Task item: Find the number of lines below in which the word "forma" appears, and write that number only.

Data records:
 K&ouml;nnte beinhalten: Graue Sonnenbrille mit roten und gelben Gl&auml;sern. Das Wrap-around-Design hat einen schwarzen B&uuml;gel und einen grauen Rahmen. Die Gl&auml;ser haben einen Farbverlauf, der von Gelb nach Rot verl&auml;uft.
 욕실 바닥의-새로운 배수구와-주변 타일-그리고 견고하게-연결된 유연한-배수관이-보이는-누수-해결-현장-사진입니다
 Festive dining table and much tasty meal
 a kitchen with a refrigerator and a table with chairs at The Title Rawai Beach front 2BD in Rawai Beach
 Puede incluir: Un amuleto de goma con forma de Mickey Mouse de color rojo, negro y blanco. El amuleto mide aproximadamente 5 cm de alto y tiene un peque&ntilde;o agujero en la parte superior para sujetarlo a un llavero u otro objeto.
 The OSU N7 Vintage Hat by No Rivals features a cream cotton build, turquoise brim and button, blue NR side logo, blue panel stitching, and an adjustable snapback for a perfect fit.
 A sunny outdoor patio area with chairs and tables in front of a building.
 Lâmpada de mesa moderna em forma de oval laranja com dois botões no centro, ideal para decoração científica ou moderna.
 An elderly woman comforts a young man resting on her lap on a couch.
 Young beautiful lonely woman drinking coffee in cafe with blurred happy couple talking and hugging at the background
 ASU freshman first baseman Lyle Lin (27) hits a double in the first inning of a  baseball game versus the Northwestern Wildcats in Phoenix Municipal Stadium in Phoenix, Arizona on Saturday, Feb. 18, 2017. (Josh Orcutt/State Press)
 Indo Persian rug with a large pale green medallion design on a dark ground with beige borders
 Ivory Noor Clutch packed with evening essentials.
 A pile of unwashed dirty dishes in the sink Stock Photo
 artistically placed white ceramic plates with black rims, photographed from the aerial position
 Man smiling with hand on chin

Answer section: 2